Four years ago, the Bushites were getting their ducks in a row moving towards the invasion of Iraq. The mass media were overwhelmingly complicit in allowing that invasion to happen by their parroting of the government’s positions about “weapons of mass destruction” and other lies and half-truths. Congress had voted in October to give Bush the political cover he needed for his pre-emptive war, although close to 30% of Senators and Congresspeople had voted “no,” a larger number than political pundits had expected.

On the Left, debate had begun to open up about what should be done to get the Bushites out of office. Some of those who had supported Ralph Nader and the Green Party in 2000 were beginning to publicly urge Nader/the Greens to forego a Presidential campaign so that we could all unite to get Bush out of office behind whomever the Democrats chose and to try to influence that choice.

Today, four years later, Bush, Cheney and Rumsfeld are seriously weakened. Their anticipated quick and easy war has now gone longer than U.S. involvement in World War II, and the U.S. is losing. Rumsfeld is gone, Bush is at 31% in the polls, Cheney is in the low 20’s, the Republicans are seriously divided and Congress is in the hands of the Democrats.

As far as Presidential politics, the big thing of the moment is Barack Obama, preaching the need to overcome the “red/blue” division, reach across political differences and find the ways to “move forward together as Americans.” At the same time, non-progressive voices like Thomas Friedman and Lou Dobbs have been writing and speaking, from different standpoints, about the need for a Reform Party-type, “middle-class” alternative to the Democrats and Republicans. And recent articles have reported that there is a noticeable increase in the number of people who are registering as independents.

Within the progressive movement, there’s been almost no debate so far that I’ve seen over the question of what should be done or who might be progressive Presidential standard bearers to get behind, whether as Greens/third party or within the Democratic Party.

It seems to me that this combination of political realities-a very weakened Bush/Cheney administration, broad discontent at the grassroots with both corporate-dominated parties and less vitriol among progressives over the third party question-provides some very real openings over the next two years, and beyond. We can take some big steps forward as far as the cohering and strengthening of a consciously progressive, grassroots based, independent political force.

One very concrete manifestation of these improving possibilities is the development of the U.S. Social Forum movement, building towards a gathering of an expected 20,000 or more people in Atlanta, Ga. in late June, 2007 (www.ussocialforum.org). And its significance is not just in the large numbers being projected. The U.S. Social Forum is of note because much of the leadership for this effort is being provided by grassroots organizations rooted in low-income communities and communities of color, those most affected by the ravages of global corporate policies. Two well-attended regional social forums have already been held, in the Southeast and the Southwest (not New York and California), indicating in a very real way that this is something new and important emerging on the U.S. progressive scene.
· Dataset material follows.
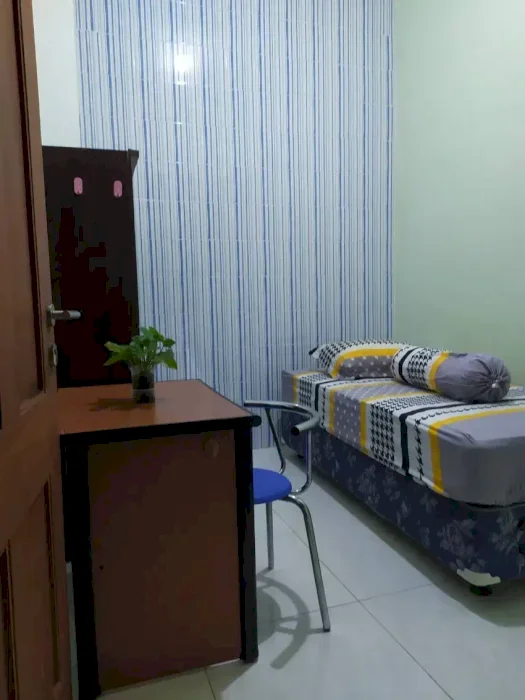 KOS PUTRI YANG NYAMAN, AMAN DAN BERSIH DI TENGAH KOTA SURABAYA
Strategizing is part of what will go on at the U.S. Social Forum. The third party question and what to do in 2008 will certainly be part of the discussion. But this is, ultimately, only one of a number of possible tactics in our arsenal. It seems to me that there is a need to look for other kinds of campaigns, approaches to building a massive issue-based movement that can unite people who may have differences on the strategy and/or tactics of Presidential politics but who are in agreement on issues and who agree that we should aim to have a political impact in 2008, present a common front to the country.
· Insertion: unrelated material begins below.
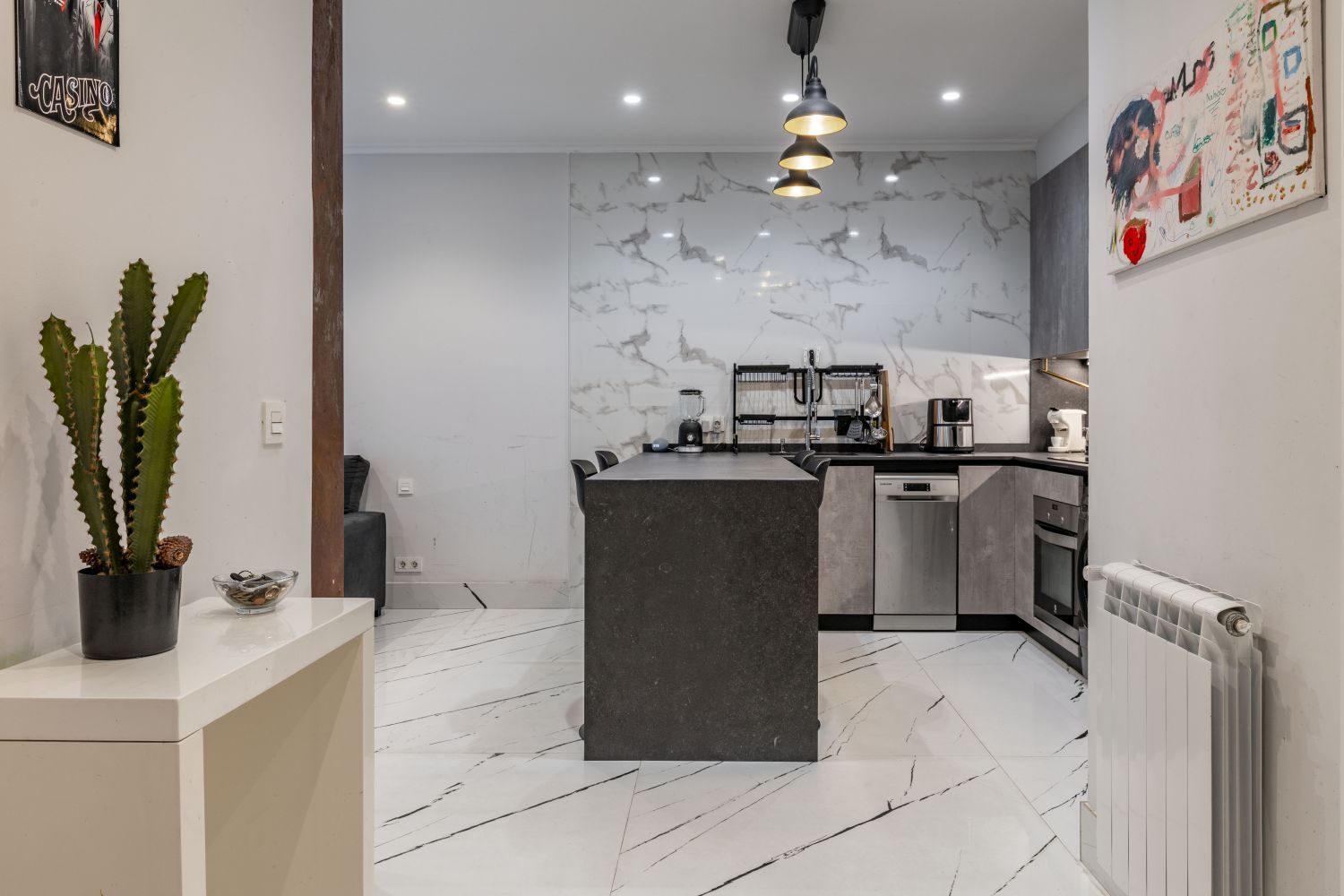 Vivienda en venta situada en pleno centro de Donostia-San Sebastián. Recientemente reformada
Over a year ago I was in discussions with some people about the idea of an organized campaign of town meetings convened for the purpose of discussing and developing an up-from-the-grassroots people’s agenda on issues. I continue to think that this is a good idea. What if, leading up to and emerging out of the Atlanta Social Forum, a broad cross-section of groups agreed to work together on such an effort, raising the funds, recruiting well-known speakers and musicians willing to travel, organizing a network of local grassroots-based groups and coalitions, putting together a skeletal initial draft of some possible planks in a people’s agenda to help focus local town meetings? Then, as the Presidential primary debates begin in the fall of 2007, we can be out there with our effort, building up steam and engaging more and more people, with the ideas emerging out of our campaign washing over, potentially, into both the Democratic (and even Republican) primary debates as well as the Green Party’s process of moving toward its decision.

And, just as importantly, we will be about the process of continuing to bring together the potentially powerful, organized national political force that rejects corporate politics-as-usual as it puts forward its emerging vision of an alternative.

It is true that another world is possible; indeed, another world is emerging out of the misery and oppression of the present. Let’s step up our efforts here in the belly of the beast to advance as quickly as possible toward that new world!